Waar kan ik leeralgoritmen terugvinden
Laten we beginnen met waar je de verscheidene leeralgoritmen kunt terugvinden. In sommige gevallen, zoals voor een enkelvoudig perceptron, kan je het zelf gewoon coderen maar meestal worden de algoritmen gelukkig ter beschikking gesteld. Omdat wiskundigen eerder R gebruiken zullen de nieuwere leeralgoritmen gewoonlijk eerst in R verschijnen en pas later in Python. Bij het publiceren van nieuwe methoden wordt er immers vaak van de auteurs verwacht dat ze het algoritme als een peer-reviewed R pakket (eng: package) registreren en publiek ter beschikking stellen. Het Comprehensive R Archive Network (CRAN), dat de R pakketten beheert en erop toeziet dat de pakketten zowel wiskundig als programmatorisch aan bepaalde standaarden voldoet, stelt zogenaamde task views op met telkens een overzicht van de pakketten die kunnen helpen bij een welbepaalde taak. Zoeken we naar “machine learning”, komen we op honderden pakketten uit van ahaz
tot xgboost
en vele van deze pakketten geven toegang tot tientallen verschillende typen leeralgoritmen. Maar dat is niet alles. Op de webpagina met het overzicht van alle task views, vinden we bijvoorbeeld het onderwerp natuurlijke taalverwerking (eng: natural language processing; NLP) met nog eens tientallen pakketten specifiek rond dit thema.

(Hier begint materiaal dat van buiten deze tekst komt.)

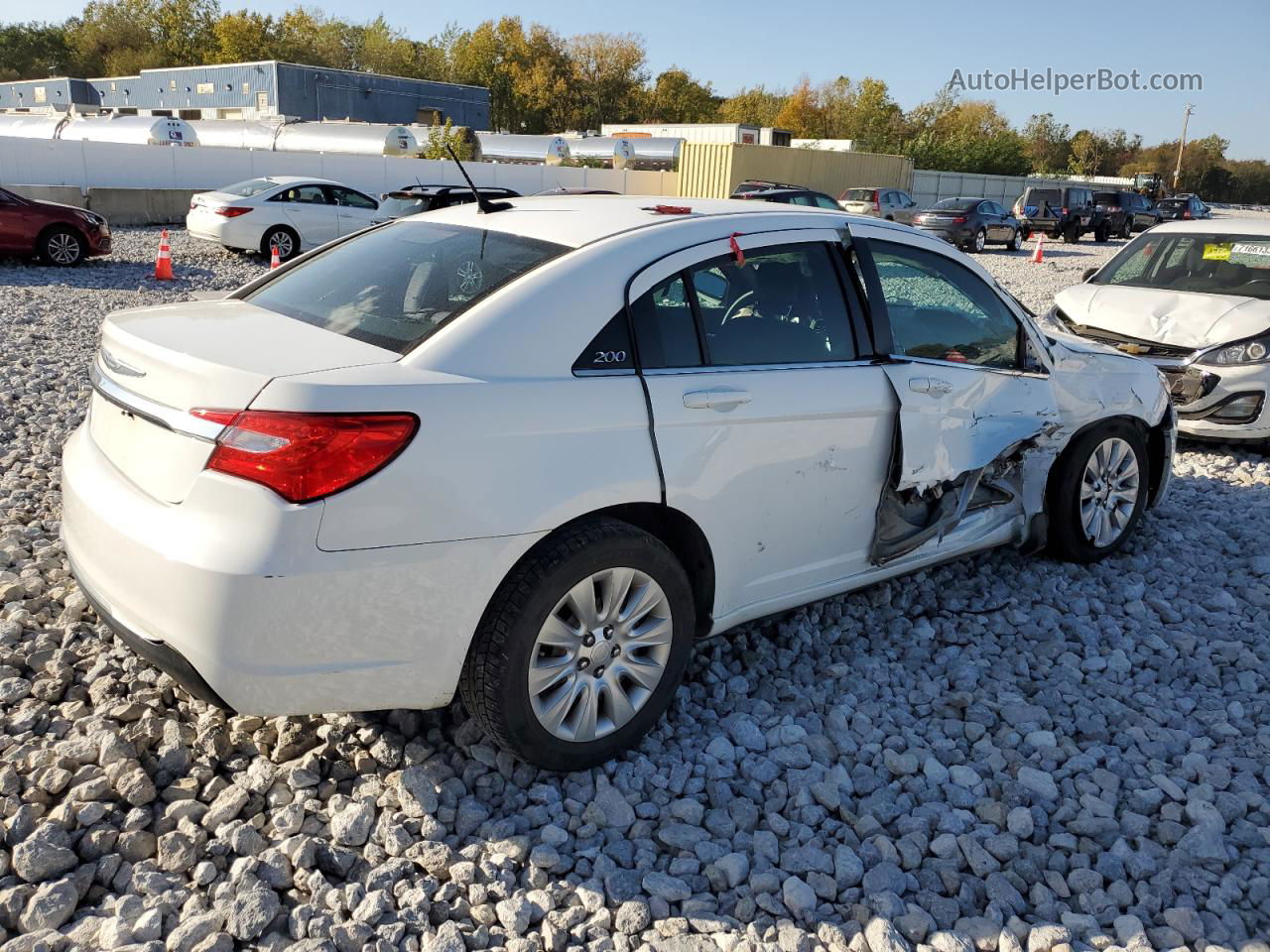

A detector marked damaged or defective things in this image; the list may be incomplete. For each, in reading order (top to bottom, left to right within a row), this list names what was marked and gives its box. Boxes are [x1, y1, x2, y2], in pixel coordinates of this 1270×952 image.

damaged white car [60, 195, 1175, 766]
damaged white car [1056, 217, 1270, 440]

Voor Python ontwikkeling verwijzen we voor leeralgoritmen eerst en vooral naar scikit-learn. Deze bibliotheek biedt een ruime gereedschapskist aan voor beginnende datawetenschappers. De naam komt trouwens van Science-kit \(\rightarrow\) scikit \(\rightarrow\) sk. Dan is er Tensorflow waar in de cursus dieper op wordt ingegaan. Ook hier vind je een rijke schat aan informatie. Python biedt een aantal voordelen voor ML en het belangrijkste voordeel is misschien wel dat Python een algemene programmeertaal is waarmee je gemakkelijker volwaardige applicaties kunt maken of met hardware interfacen. De bewering dat Python ‘krachtiger’ of ‘performanter’ zou zijn dan R neem ik eerder met een korreltje zout. Op de weinige momenten waarop beide platformen op eerlijke wijze vergeleken worden is het verschil onbeduidend en bovendien moet je voornamelijk rekening houden met ontwikkeltijd en daar biedt Python zeker geen voordeel. Tenslotte vermeld ik hier nog even Julia, een opkomende taal waarin ML eenvoudiger moet worden.